Enron Corp. has agreed to a deal to collect $250,000 on a life insurance policy covering Ken Lay, who died several weeks after he was convicted of fraud charges, according to the Houston Chronicle.
That is a fraction of the coverage limit on an $11 million death benefit owed under Transamerica Occidental Life Insurance Co. policy, according to the paper.
U.S. Bankruptcy Judge Arthur Gonzalez is scheduled to consider the settlement on Thursday. The Chronicle noted that KLL & LPL Partnership Ltd., a Texas partnership bearing the initials of the late ex-chairman and chief executive officer of Enron and his wife, Linda, bought a life insurance policy for Lay. In a deal struck with the company in 1996, the partnership gave Enron the right to a part of the insurance proceeds if Lay died.
The assignment was intended “to secure the amounts due to [Enron]” under a deal with the partnership, the paper noted. In October 2001, just two months before the company filed for bankruptcy it made a $250,000 premium payment, according to the story.
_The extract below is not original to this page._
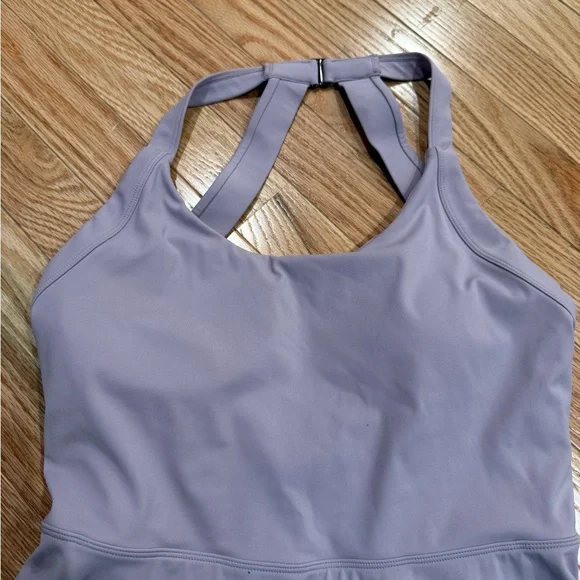 Halara Twist-Front Cut-Out Backless 2-in-1 Exercise Dress - Picture 4 of 7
Under bankruptcy law, payments made by a company within 90 days of a bankruptcy filing can be reversed because they could be deemed to have been unfair to other creditors, the newspaper explained. Presumably, the insurer could have argued that if the premium paid weren’t in force, then the coverage wouldn’t apply.
Enron first sought to recover its premium when it sued Transamerica in 2003. The company reportedly said the insurer agreed to pay Enron the $250,000 premium payment owed under Lay’s coverage. The insurer had earlier paid Enron $1.25 million under the terms of the 1996 agreement with the Lay partnership, according to the Chronicle.